For stationary motors rated at less than two horsepower and 300 V, the controller may be a general-use switch having a rating of not less than twice the full-load current of the motor. On ac circuits, a general-use snap switch suitable for use only on ac (not general-use ac-dc snap switches) is permitted as the controller, where the motor full-load current rating is not more than 80% of the ampere rating of the switch.
The controller is not required to open all conductors to the motor unless the controller also serves as the disconnecting means for the motor. Thus, for a 240-V, single-phase motor, unlike an in-circuit switch, the controller could open just one leg, and this would stop the motor, though one of the terminals would remain live. For a three-phase motor, two legs would have to be opened to ensure the motor would not continue to run on two phases. With exceptions, each motor is to be provided with an individual controller.
In contrast to these types of motor controllers, soft starters adjust the motor voltage on start-up as a means of controlling motor current and torque. They generally do so through use of solid-state devices like SCRs. The basic principle of soft starting is that controlling the conduction angle of the SCRs controls the application of the supply voltage. The starter uses the fact that the torque is proportional to the square of the starting current, which in turn is proportional to the applied voltage.
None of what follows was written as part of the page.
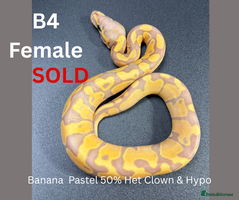 Python Snake reptiles - Advert 10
Soft starters can be both open loop and closed loop. Open-loop starters apply a start voltage irrespective of the motor current or speed. For each motor phase, two SCRs connect back-to-back, and the SCRs conduct initially at a delay of 180° during the respective half-wave cycles (for which each SCR conducts). This delay is reduced gradually with time until the applied voltage ramps up to the full supply voltage.
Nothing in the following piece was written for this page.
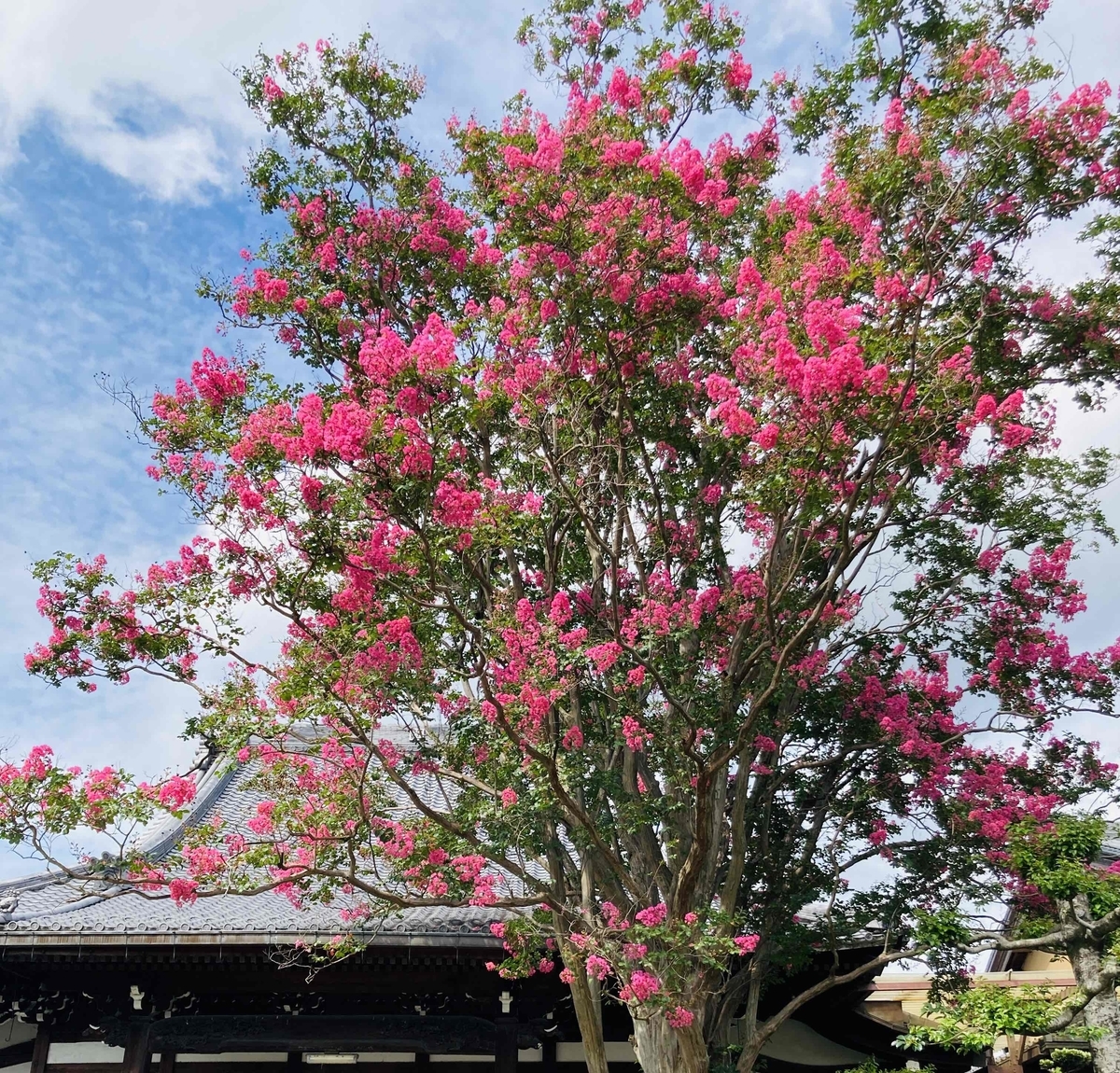 ピンクの花を咲かせるサルスベリ（百日紅）の花 - やさしい日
Closed-loop soft starters monitor any of the motor output qualities such as the current drawn or the speed, then modify the starting voltage accordingly. If current in each phase exceeds a certain set point, the time voltage ramp is halted.
Trouble-shooting and checks of motor controls generally involve test equipment that includes a megohmeter (minimum 500 V output), a clampmeter with multiple jaw sizes, a magnetic compass (for identifying motor field coil polarities), and a digital multimeter (minimum 600 V, CAT III true RMS rating, with low resistance (0.01 Ω or lower) featuring a cycle function and capacitance test.
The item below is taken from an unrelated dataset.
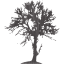 tree 48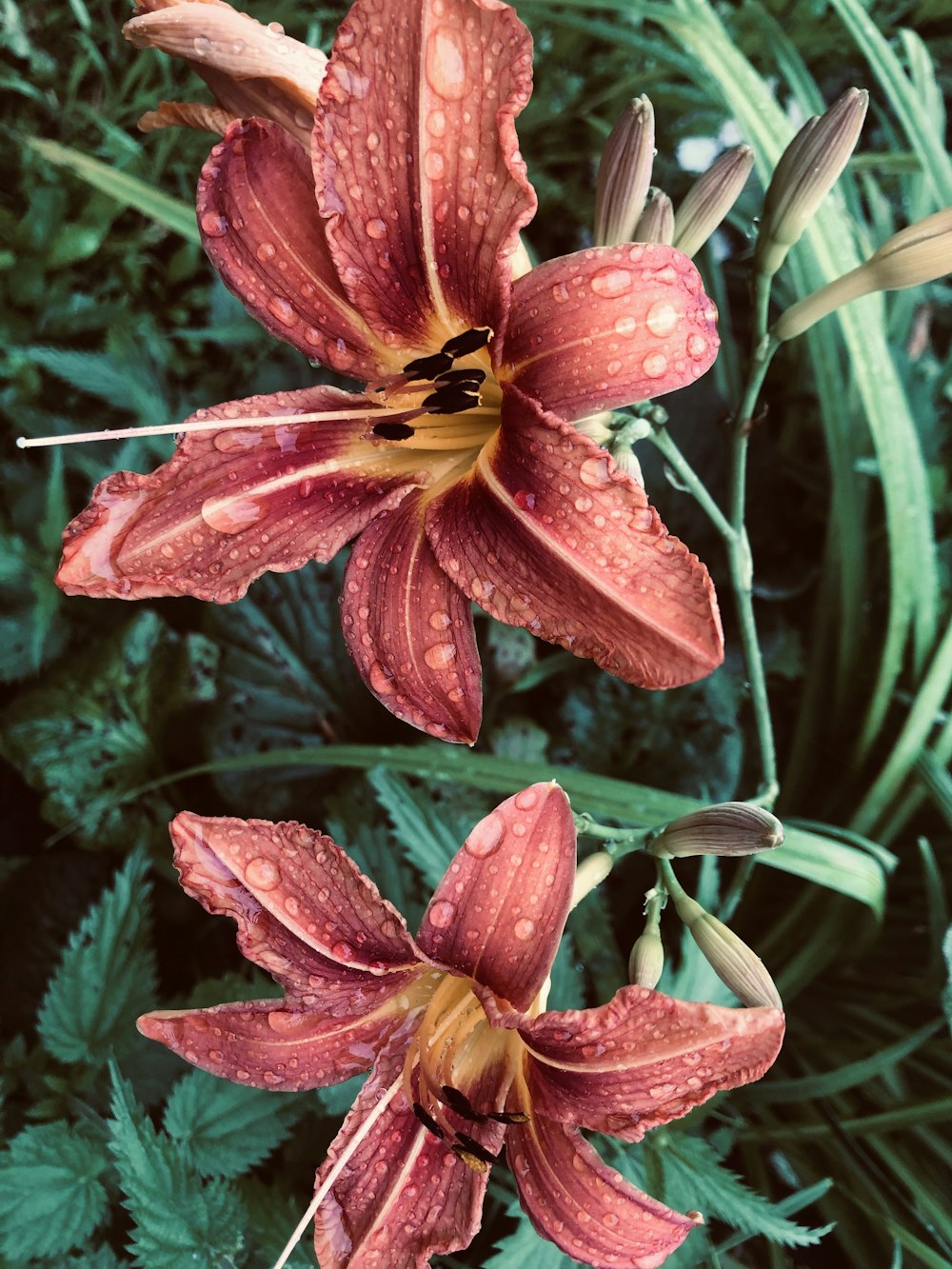 red and yellow flower in close up photography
Though it may sound obvious, part of motor control troubleshooting involves determining whether the problem is the motor control or the motor itself. That’s why with the power switched off, a first step is to turn the motor shaft to determine if it rotates freely, listening for unusual noises such as scraping, smelling for burned insulation, and feeling for excess heat. Visually inspect the motor starter for loose connections and discolored hot spots. All fasteners and mounting hardware should be checked and re-tightened.
Next, manually engage the starter and measure the resistance through its contacts. A reading of 0.09 Ω or less is good. Disengage the starter and then use the megohmmeter to ground-test the line and load circuits at the starter. This test will effectively identify the resistance-to-ground of the starter, line circuits to the disconnect, and load lines to the motor and starter windings.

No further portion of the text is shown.